Dataset items

━━━━━━━━━━

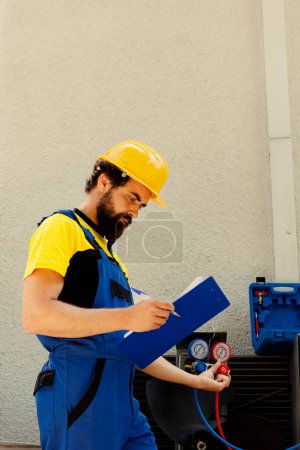 Photo for Competent mechanic filling out revision of insurance contract for home owner to sign after finishing repairments on air conditioner. Expert repairman writing down cost of fixed internal components - Royalty Free Image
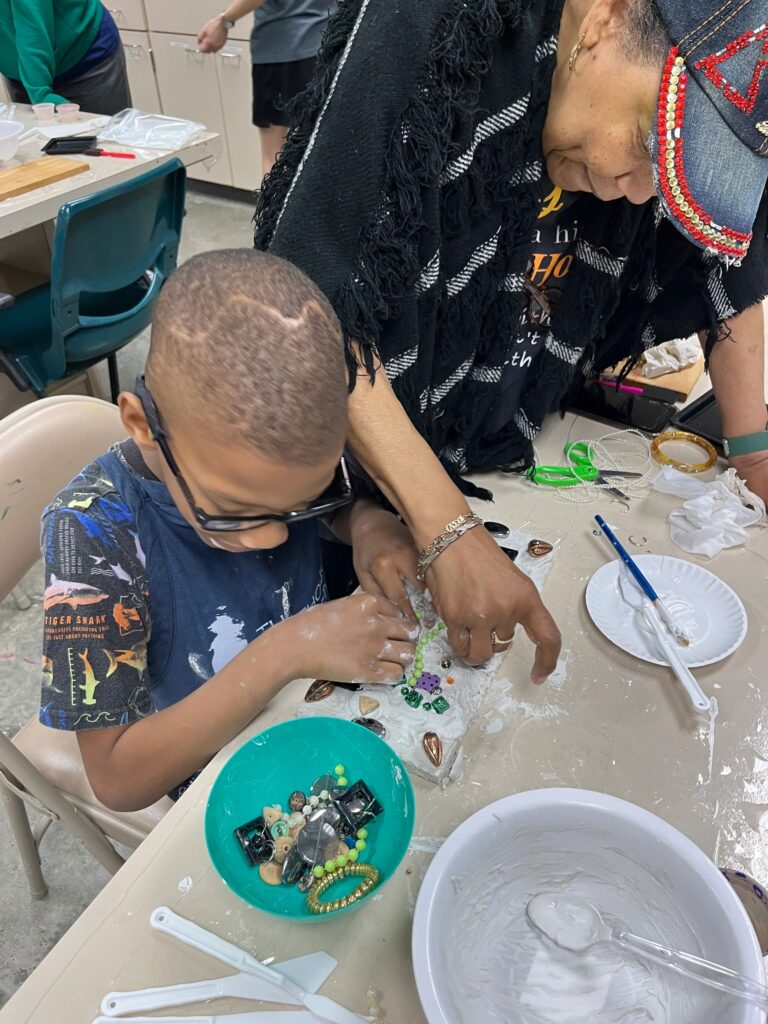 A volunteer helps an artist press beads and small charms into a plaster board, with a bowl of green beads and a bin of decorations on the table.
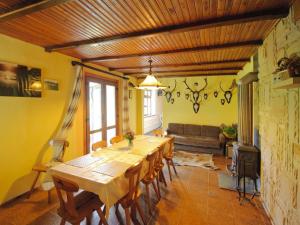 a dining room with a long table and a couch at holiday home with thatched roof, Rekowo in Rekowo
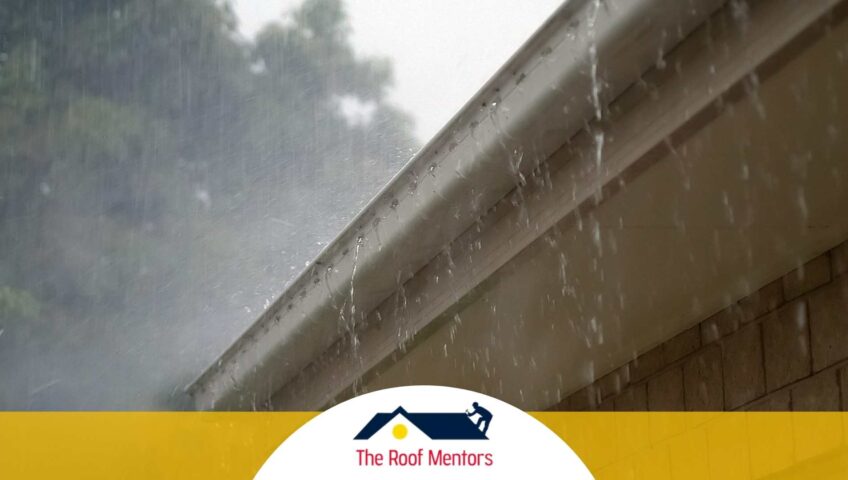 A house with a rain gutter and the words the roofing masters.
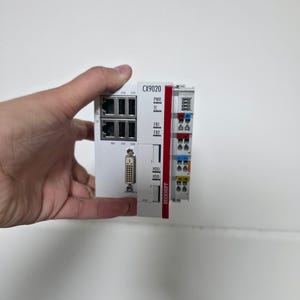 May include: A white Beckhoff CX9020 embedded PC controller featuring a red vertical stripe, multiple Ethernet ports, a DVI interface, and status indicator labels including PWR, TC, FB1, FB2, and HDD. The device includes a side-mounted terminal block.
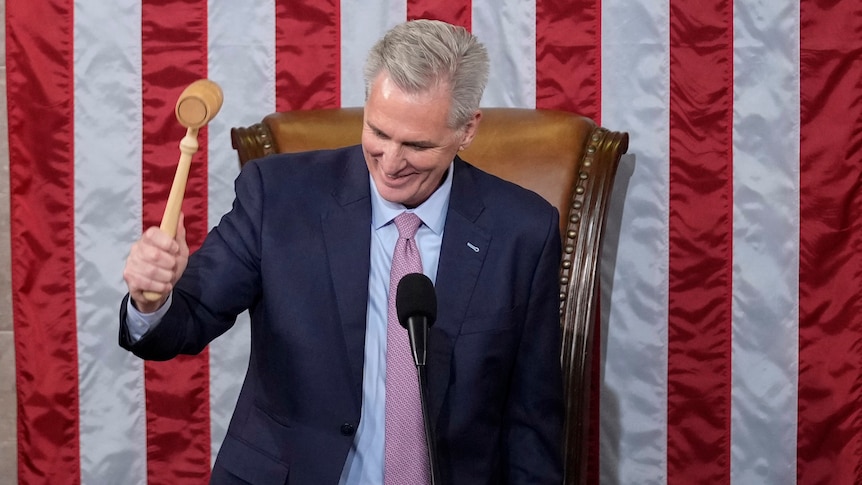 Kevin McCarthy bangs the gavel in front of an American flag.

━━━━━━━━━━

> [What is being asked] Lines from the one that contains "May include: A" through the last line of the data above are to be extracted exactly, with no pictures and no other lines.

> [Result]
 May include: A white Beckhoff CX9020 embedded PC controller featuring a red vertical stripe, multiple Ethernet ports, a DVI interface, and status indicator labels including PWR, TC, FB1, FB2, and HDD. The device includes a side-mounted terminal block.
 Kevin McCarthy bangs the gavel in front of an American flag.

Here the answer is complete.